Can I take a guess at what thirteen teams haven't played their quarterback?
You can, and as you talk, I'll dig the notebook out of my bag that has that information.
And this is purely just a guess. I'm trying to think of who I've heard this played, and therefore who wouldn't know.
If Matt had a digging sound effect.
The Jets have not played their starting quarterback. Oh no, I don't think the forty nine ers have.
You're all over the yard now.
The forty nine ers have.
Blah blah blah blah, and the forty nine ers have not.
Okay, so some two for two I want to say the Bucks have not.
I'm all over this notebook now the Diggings again, No, brock Purty did play in Week two, so the forty nine ers have not. Here we go the thirteen teams that have not played a quarterback in the preseason. Jets, Baltimore, ravens Lamar Jackson, Cleveland, Deshaun Watson was I guess Chargers, I mean, Justin Herbert's been hurt, He's coming back this week, probably played a little bit. Maybe Miami's played two has played, Dak Prescott hasn't played, Jalen Hurts, Jared Goff, Kirk Cousins, Bryce,
Baker Mayfield, Kyler Murray, Matt Stafford, Gino Smith. Those are the thirteen guys. So you've got kind of a mixed bag of old and dinged up and old and don't need it and young and could you know, could arguably use some. You know, I think you could talk about Baker Mayfield in Tampa as being a guy who could probably use as much as anybody else. He's running a brand new offense this year without Dave Canal.
Speaking of Baker Mayfield, Dave Canal has actually made a good point. I thought early this week about you know, they played their they played their quote unquote starters in the preseason at Tampa last year because they were in the middle of a quarterback competition. It was still down between Baker Mayfield and Cayl Trask until Week one, And he said that's obviously not the case here. Yeah, and
so that makes a difference too. Another question that I'm meant to ask a few minutes ago, what is at three forty five Park Avenue the NFL headquarters.

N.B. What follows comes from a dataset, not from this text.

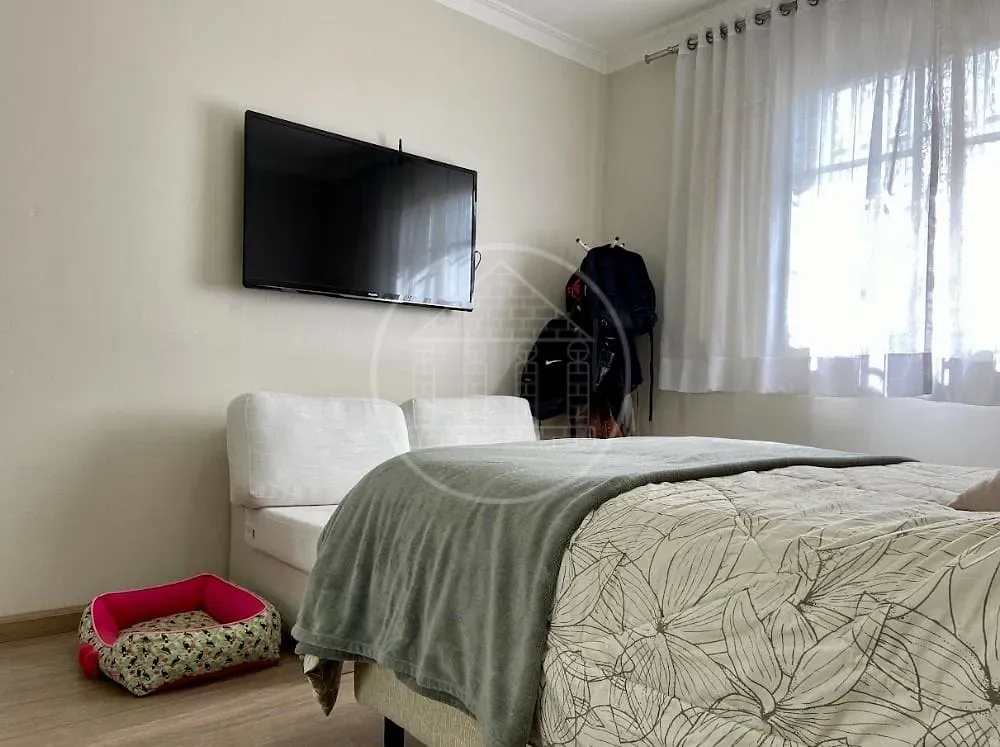 Sobrado, 3 quartos, 147 m² - Foto 16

Oh yeah, that's their mailing address.
Do you send a postcard?
Now? It's just one of those things. I know. It's kind of in thirty years you kind of pick up certain things, and certain things just become shorthand, and it's really like, yeah.
When people say like or you hear like reports from the British media and they're like news today out of ten.
Downing, Yeah, exactly, it's kind of like that.
You know what's at ten Downing?
Is it the Prime Minister's House?
It's the Prime Minister's House.
Oh yeah, I'm a genius.
Or six hundred Pennsylvania Avenue, it's the.
White House, sixteen hundred Pennsylvania Avenue. See what happens when you try to get wise the confidence? Yeah, I know, un earned confident. This is the benefit of being old. You just kind of stop and look at people and say, did you mean to do that?
Oh?
I was short numb a thousand, my bad?
Yeah, at any rate, you could have been more intentional with that. Hey, speaking of intentional here's an adorable Dave Canalis story about being intentional. I saw him this morning on the practice field before practice started. He's walking out on the grass doing his Dave Canalis thing, being very bouncy and energetic.
Because it is. It's more it like we joked about it not being as legit from you at the top, but it is legit from him.
Oh, no question. And he stops dead in his tracks, and I thought, did he step on something sharp? What happened here? And he bends down and he picks something up out of the grass, and I was like, I'm assuming somebody left a nail or something there that somebody's going to drive a golf cart tire over and flatten it, because I just kind of think nails are going to go in tires. But it was a moth. And Dave Canalis comes up with two hands holding this big brown
moth and he's like, look at that. He stands there and he considers it for a second, and then he walks it over to the side across the little artificial turf barrier between the grass field and everything else in the world, and he kind of sits it down on the edge very gently, And I was like it's adorable, because ay, I believe Dave Canalis has the best interest of that moth at heart, he wants the moth to
become its best version of its moth self. But I think also in Dave Canalis's brain, he's like, I do not want one of my guys seeing a moth on the ground and getting distracted and taking away from the activity of football practice. I think both of those things can be equally true.
And with the advent of technology, that moth could be a little drone for all we know.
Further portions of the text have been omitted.